Friedrich Hayek, le chantre du capitalisme sans états d’âme, avait raison de prétendre que seul le capitalisme brut sans justice sociale peut apporter autant de développement économique et de richesse. Reste à savoir, comme il le prétend, si c’est alors le seul système viable car nous devons nous demander si amasser le plus de richesses possibles est le seul but poursuivi par les êtres humains. D’autant qu’il faut douter de cette volonté effrénée en nous rappelant que, confronter à des surplus toujours grandissant du fait d’une production de masse, les entreprises ont du inventé le marketing dans les années trente dont l’unique mission était de créer des désirs et des besoins artificiels toujours plus grands et plus nombreux afin de faire consommer les gens pour consommer et non pour satisfaire des besoins ou des envies spontanées ou utiles. Dès lors, on peut se demander avec justesse si l’humanité ne recherche pas, en même temps que son bonheur matériel, son bonheur dans la vie en commun, le partage et l’amour, son bonheur dans une vie intérieure. Alors, ce n’est pas le capitalisme pur et dur prôné par celui que Reagan, Thatcher et Pinochet admiraient qu’il nous faut mais un capitalisme qui s’insère dans un libéralisme social qui se soucie aussi d’apporter en même temps que le bien être matériel, le vivre bien dans un juste équilibre entre la liberté (et notamment la liberté économique indispensable pour l’organisation économique) et la solidarité, entre l’individualité et l’appartenance à un groupe. C’est donc à vers un libéralisme social qu’il nous faut nous tourner.

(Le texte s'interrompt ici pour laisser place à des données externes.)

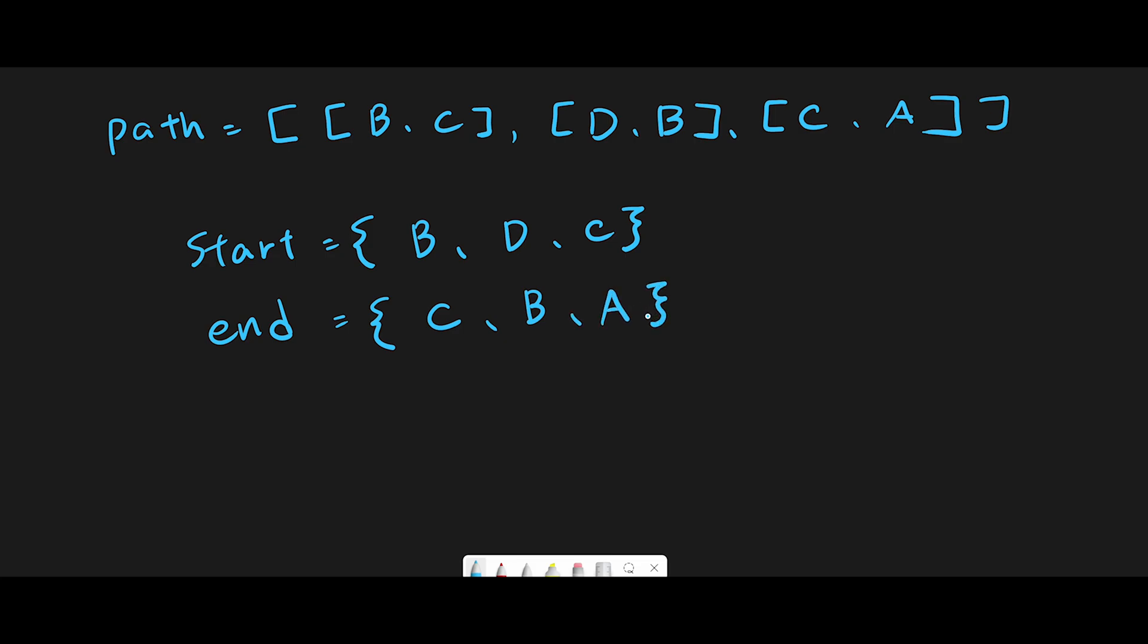So then subtract end minus start, which means remove common cities in the end group. Common cities are C and B. The start city has also C and B, right? So remove C and B.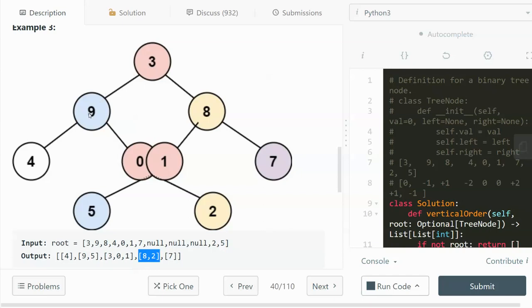When we go left from 3 with column index zero, we subtract one to get negative one. Continuing left again subtracts another one to reach the column index for 4. The same logic applies to the right side — going right adds one to the prior column index, so zero plus one is one, and adding one again gives two. In the middle, going left then right nets zero, which is why some nodes share the same column index as the root.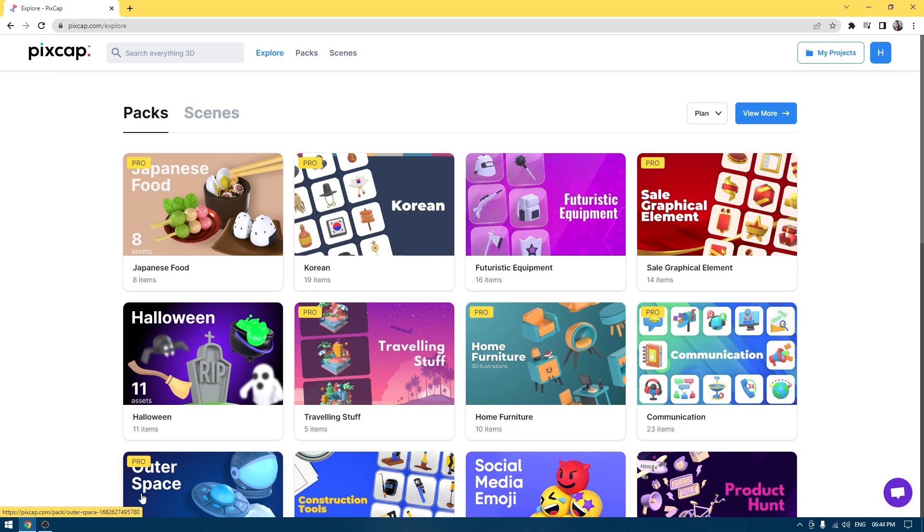Hey guys, welcome back to the channel. My name is Itesh and I'm back with another video. This video is brought to you by PixCap.com. PixCap is an online service for 3D designs and animation.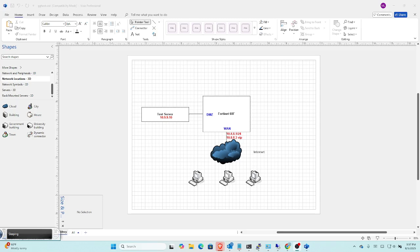I'm going to kick over to my firewall in a second, but first I just want to point out that we're going to go from a workstation, basically through the internet cloud - it's in the lab, but it's effectively going through the internet cloud - to the WAN interface on the FortiGate firewall itself. It's a 60F, and we're going to map that address, the VIP we create, the 10.8.8.3, directly to the server at 10.9.9.10.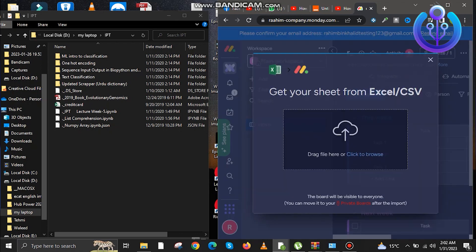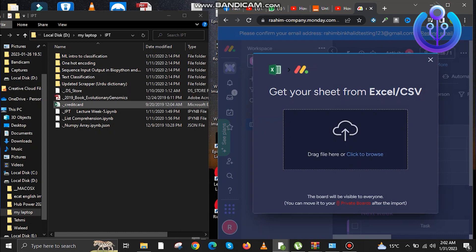Now select the Excel sheet. You can upload the Excel sheet here and the data would be imported. Now just select the file that you want to import.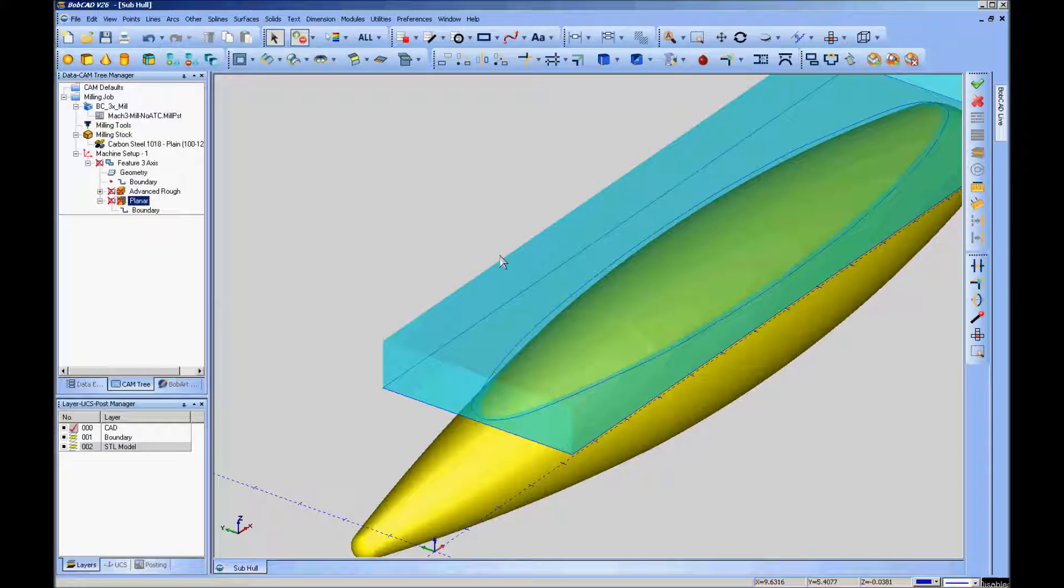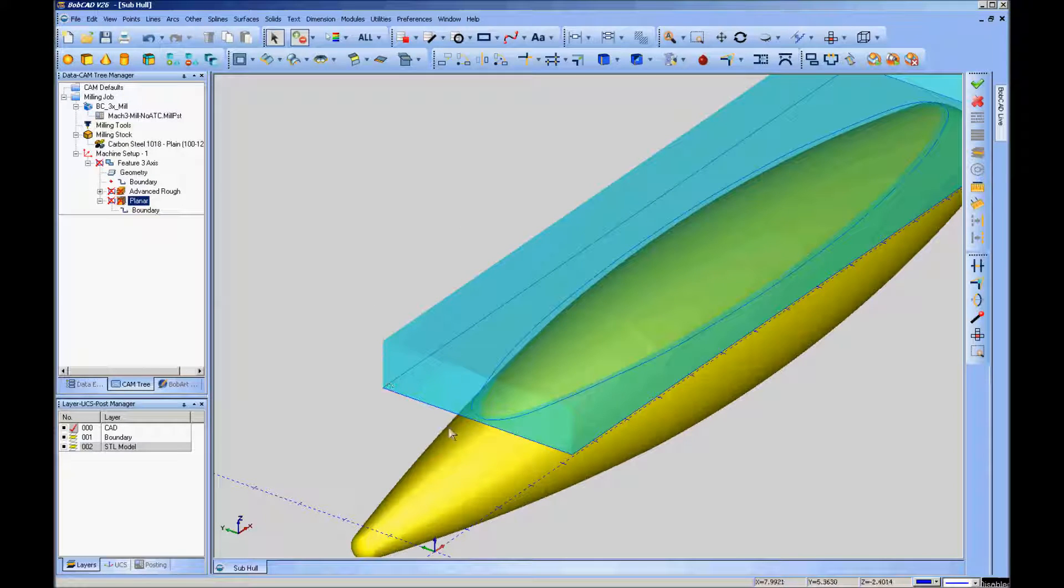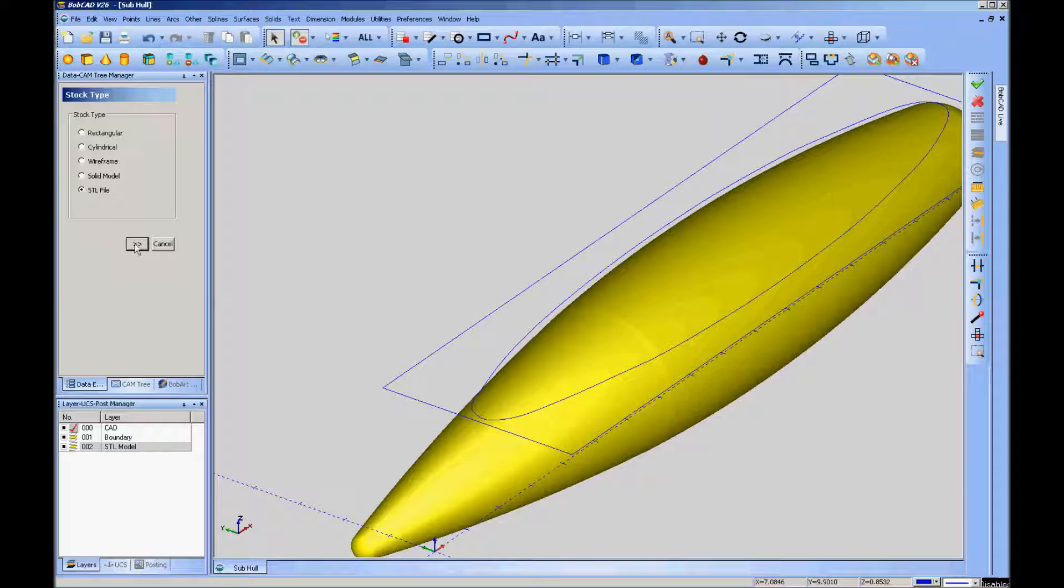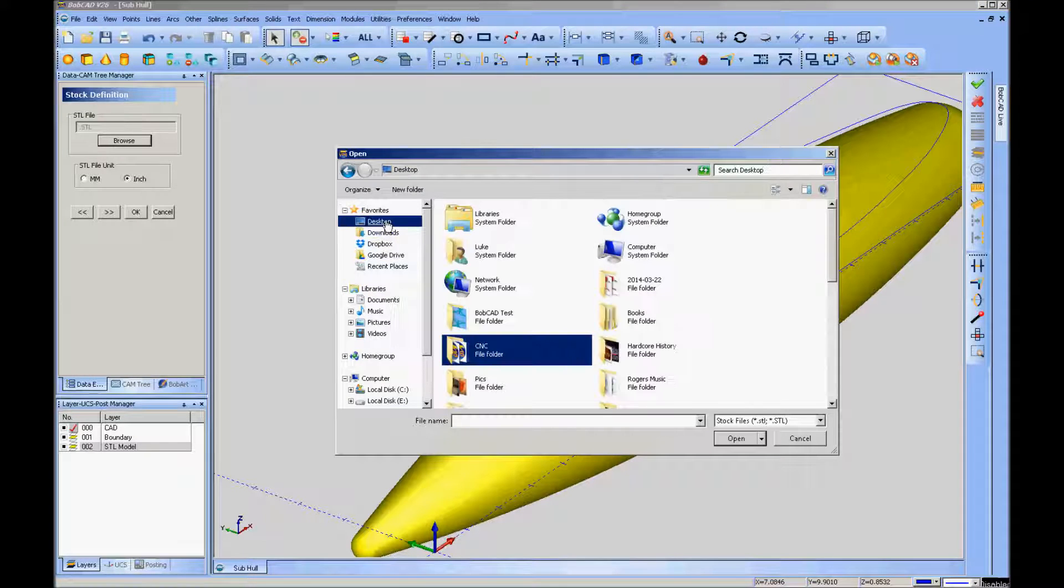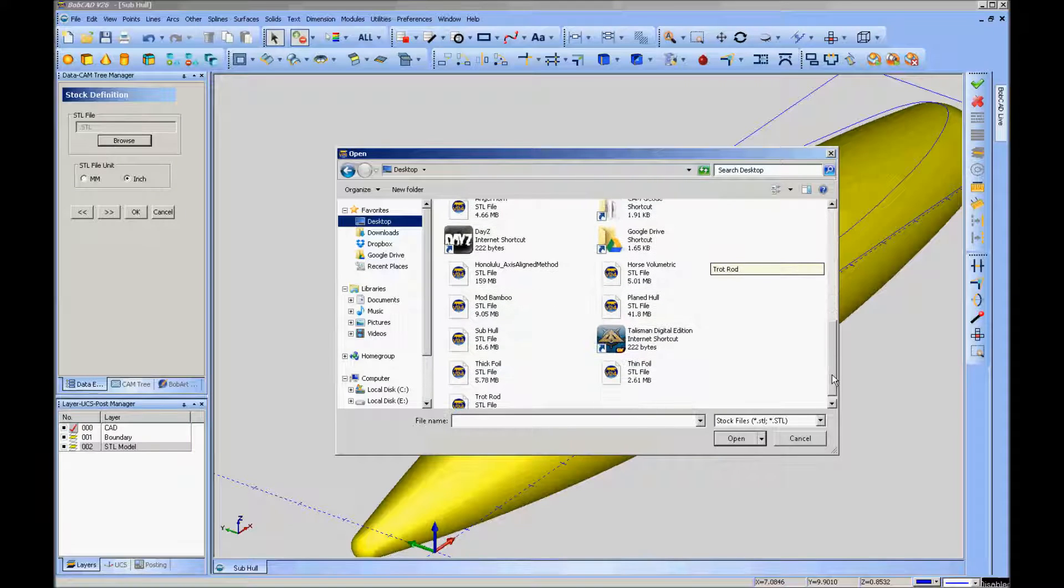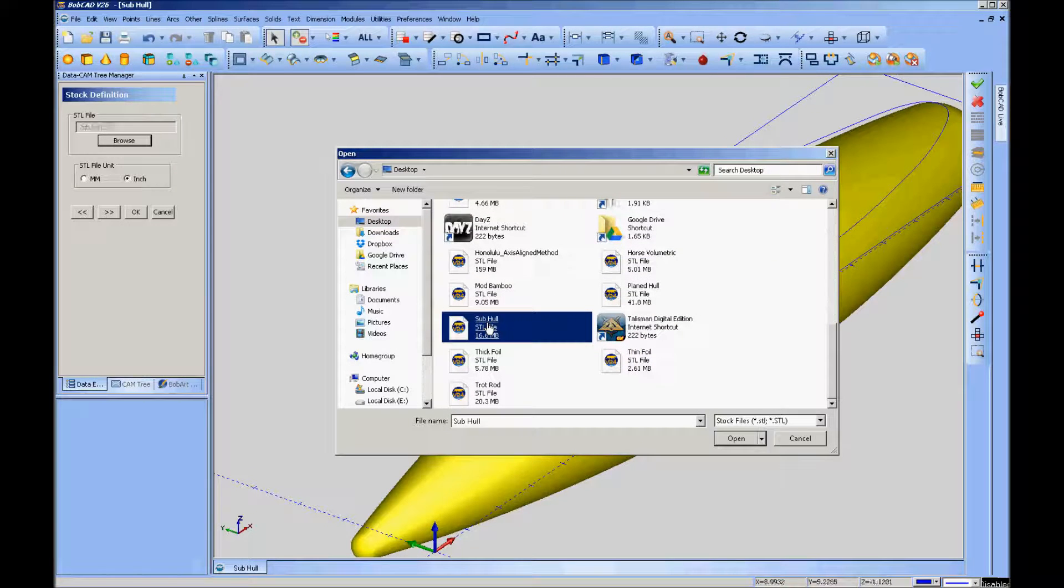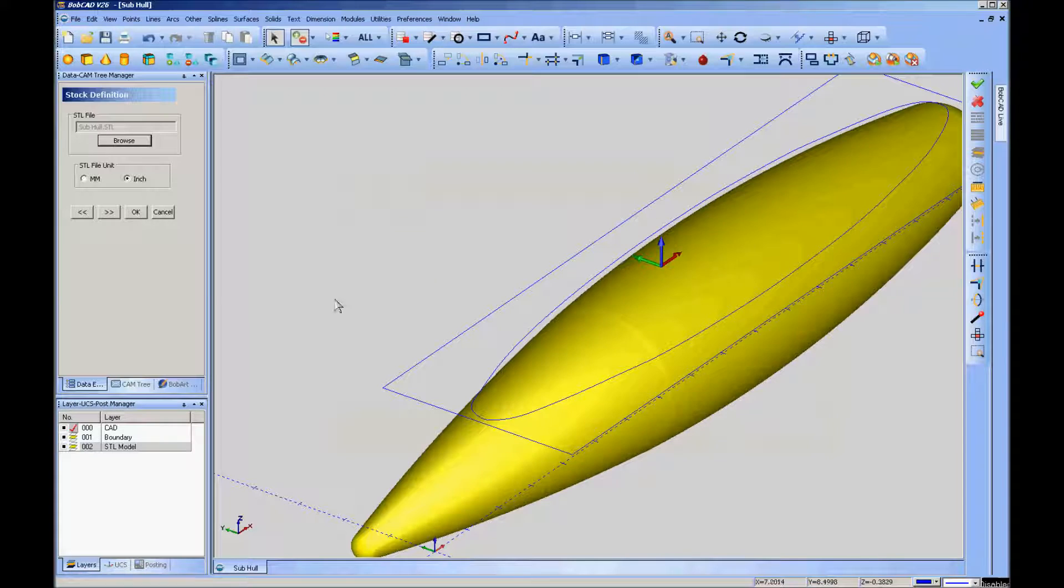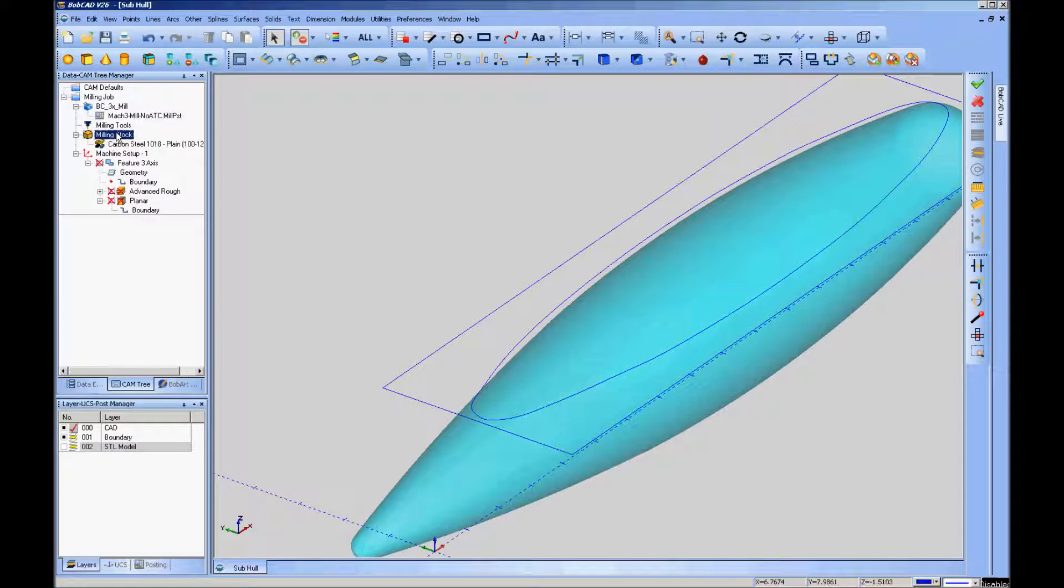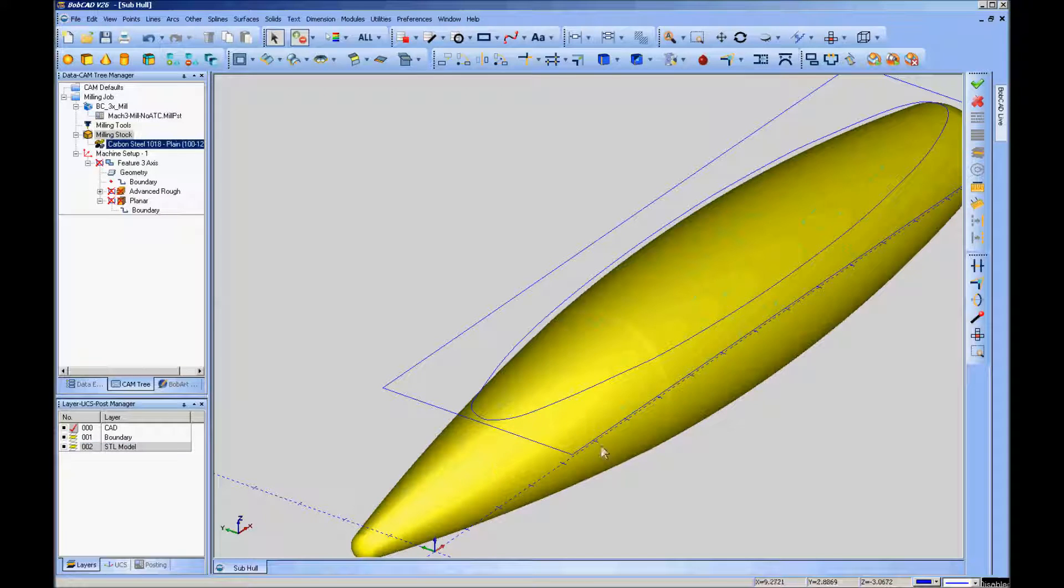What you want to do at this point is make your stock the model itself. So going to the milling stock, go to the stock wizard and go to an STL file as your stock. Then you can browse for the STL file, which in this case is subhull.STL. I'm going to make that my stock. Now you see my previous stock disappears, and when I blank the layer that STL model is on, there's my stock. When I unblank it, I have my model back.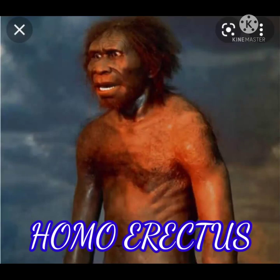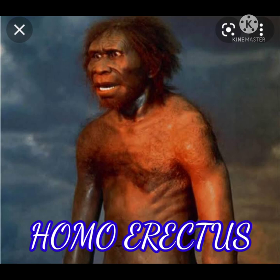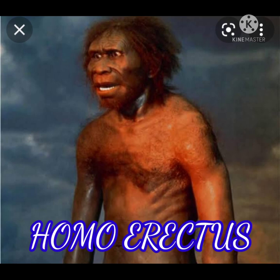Then, Homo erectus. After Homo habilis came the Homo erectus, who was also upright. He had a smaller but longer face, less prominent or absent chin, larger brain size, and prominent speech. Homo erectus was carnivorous.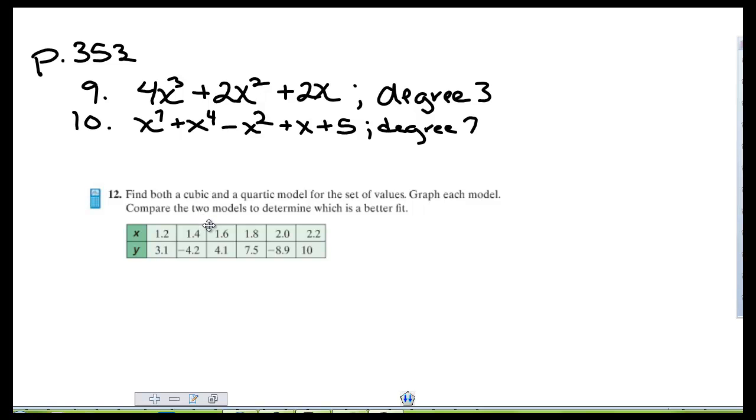I'm mainly going to be walking you through question number 12 and this is one you're going to need your graphing calculator on.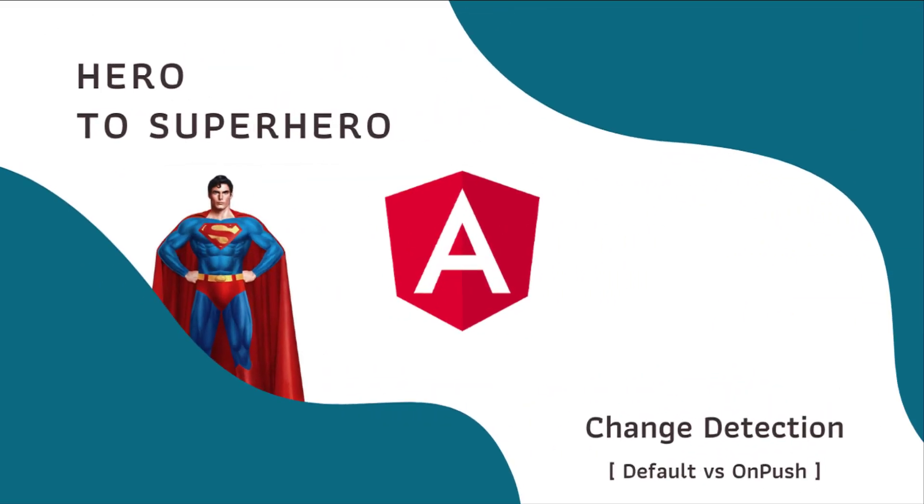Hi friends, welcome back to Angular Hero to Superhero series. If you are a beginner trying to learn Angular, there is another series, Angular Zero to Hero, in which I have explained all the basic concepts. You can find the link in the description.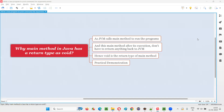Hello all, welcome to this session. In this session I'm going to answer one of the Java interview questions: why does the main method in Java have a return type of void? Whenever you create a main method inside a Java class, the return type of that main method needs to be void.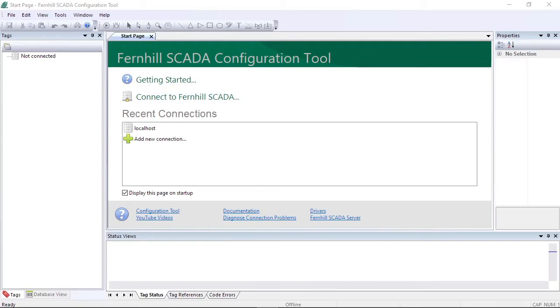In this video we will take a look at the pen tool in the graphic editor in Fernhill SCADA. The pen tool allows you to create freeform lines and shapes.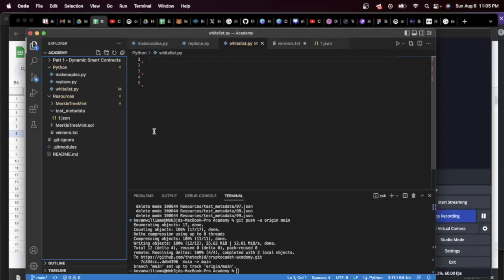Hello everyone and welcome back to Crypto Cadet Academy. Today is going to be a short video on formatting a whitelist.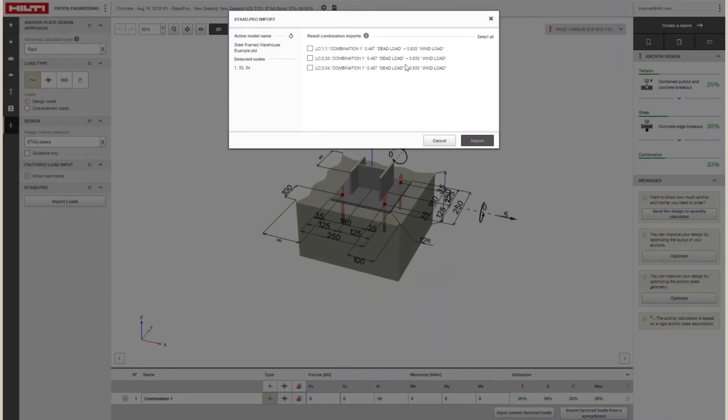The Import window will list all available load combinations. Simply select the load combinations you'd like to import and click the Import button.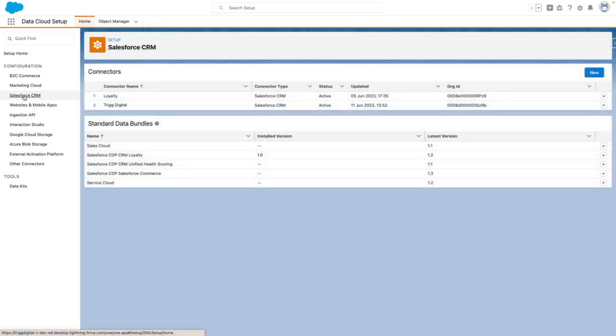From this option, you can see which Salesforce orgs you have connected already, the standard data bundles available, and also the org ID for your connected Salesforce orgs.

La crise financière qui est en train de submerger le monde montre une fois de plus et peut-être une fois pour toute que ce capitalisme ne peut agir sans contrôle et sans règles, surtout qu’il n’est pas de lui-même un système vertueux car composé d’intervenants dont le seul but est de maximiser au-delà de toute morale et de toute honnêteté leurs profits. Point de main invisible qui régulerait naturellement cette jungle d’autant que ces intervenants qui clament haut et fort leur liberté de faire des profits à n’importe quel prix et par n’importe quel moyen se tournent soudainement vers l’Etat et vers la collectivité qu’ils abhorrent avec Friedman et ses disciples pour demander de l’aide quand tout va mal, prompts à clamer leur irresponsabilité. Or le capitalisme ne peut être une organisation d’une économie libérale que si la liberté est contrebalancée par la responsabilité et cette responsabilité doit être contrôlée par la collectivité qui est la même qui assure la liberté. Seul ce contrôle peut éviter les dérapages. Qui plus est, le libéralisme pour permettre à la société d’absorber les chocs de la liberté économique, seule organisation capable d’apporter la richesse, doit être social, c’est-à-dire qu’il doit organiser la solidarité pour aider tous les membres d’une communauté à profiter des fruits de cette liberté économique.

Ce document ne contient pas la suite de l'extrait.